Die Verhandlung wurde geschlossen und die Reporter drängten nach draußen um die sensationellen Neuigkeiten in die Welt zu verbreiten. Kevin jedoch blieb reglos sitzen, unfähig sich auch nur einen Millimeter zu bewegen. In diesem Moment drehte sich Rachel zu ihm herum, so, als hätte sie die ganze Zeit gespürt, dass er sie anstarrte und ihre Blicke trafen sich.
Die tiefe Leere, die in ihrem Blick lag, erschreckte ihn ein wenig, aber doch nicht genug, um ihm die alles verzehrende Wut auf diese Frau zu nehmen, die immer noch durch seine Adern schoss. Er wollte aufspringen, mit einem Satz über die Absperrung hechten und seine Hände um ihren Hals legen. Für einen winzigen Moment stellte er sich vor, wie er ganz langsam zudrückte, wie sie unter ihm zuckte und sich wandt, dabei seine Handgelenke umfasste und ihre Augen um Gnade bettelten.
Doch diese Vision verflüchtigte sich genau so schnell, wie sie gekommen war. Der Gerichtsdiener nahm Rachel am Arm und schob sie langsam vor sich her. Als sich die Tür hinter den Beiden schloss, atmete Kevin einmal tief durch und erhob sich dann mit zitternden Knien von der Zuschauerbank. Dabei fragte er sich, wie er AJ nur beibringen sollte, dass die Mörderin seiner zukünftigen Frau auf freiem Fuß war.

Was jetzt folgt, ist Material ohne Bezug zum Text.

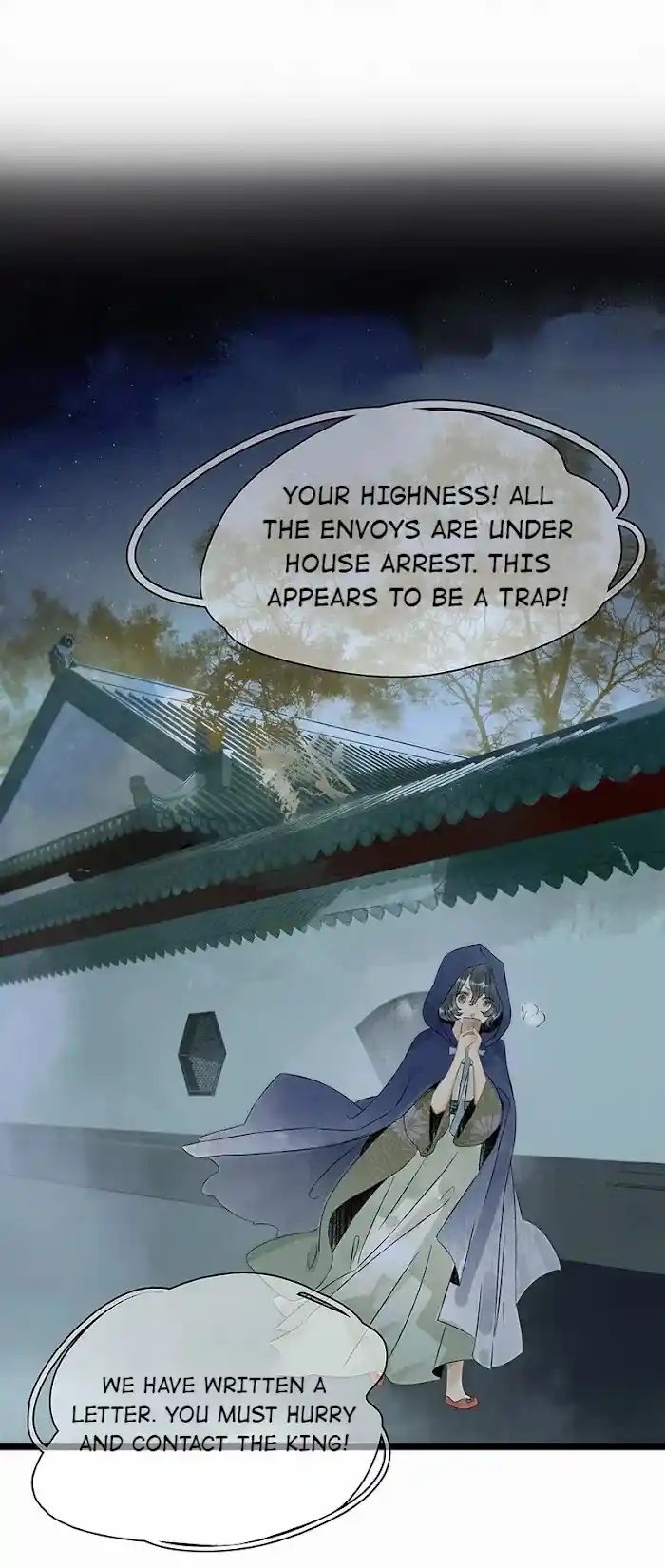 The Prince Has Lost His Mind Chapter 126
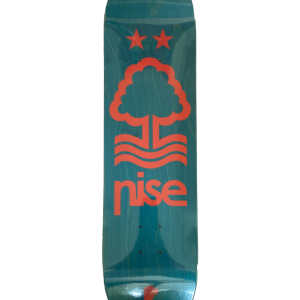 NFFC Homage Deck Green 8"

Kevin schüttelte kurz den Kopf um wieder zurück in die Gegenwart zu finden. Er war mittlerweile am Ende des kurzen Artikels angekommen. Schnell druckte er die Seite aus und begann dann damit, sich weiter durch die diversen Seiten des Internets zu wühlen. Jetzt, nachdem er wußte wonach er suchen mußte, fand er unzählige Berichte und Artikel zu Rachels Person. Er erfuhr mehr über sie, als ihm lieb war und als er schließlich eine der letzten Seiten öffnete erstarrte er mitten in der Bewegung.

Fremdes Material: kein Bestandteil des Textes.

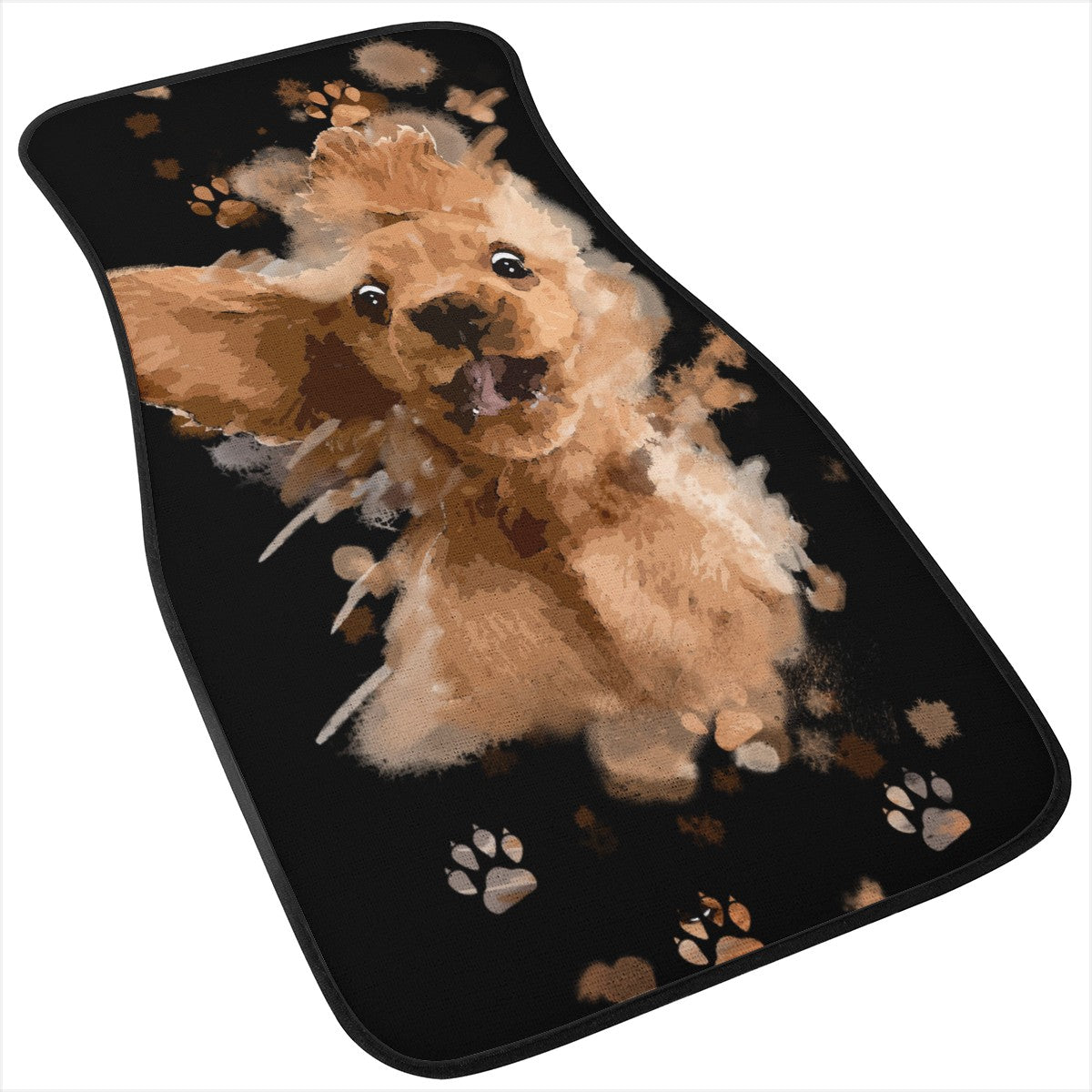 Puppy Custom Car Floor Mats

Eine Todesanzeige baute sich langsam vor seinen Augen auf. Ein Robert McCarthy betrauerte den Verlust seiner Tochter, Rachel McCarthy, die laut der Anzeige freiwillig und viel zu früh aus dem Leben geschieden war.
Gott hat seinen Engel zu sich gerufen. Wir vermissen dich.
Er schüttelte voller Unglauben den Kopf. Das konnte nicht sein. Rachel war genau so lebendig wie er. Hier konnte es sich unmöglich um die gleiche Rachel McCarthy handeln.
Er suchte weiter und mußte bald darauf feststellen, dass hier kein Irrtum vorlag. Die Zeitungen hatten auf Grund von Rachels Ableben die Geschichte über den Unfall und Lillians Tod wieder ausgegraben und etwas gehässig fragte man sich, ob Rachel nun endlich die Strafe bekommen hatte, die sie verdiente.
Wie versteinert griff Kevin nach den Artikeln, die sich mittlerweile in seinem Drucker stapelten. Seine Augen suchten die Fotos ab. Konnte es sein, dass er sich irrte? Sah sie dieser Rachel nur unglaublich ähnlich?
Doch es konnte kein Zweifel bestehen. Die selbe Rachel, die AJ das Leben gerettet hatte war gleichzeitig dafür veantwortlich, dass AJ überhaupt in diese Lage geraten war.
Ohne noch einmal darüber nachzudenken griff er zum Telefon. AJ mußte erfahren, mit wem er sich da eingelassen hatte. Todesanzeige hin oder her.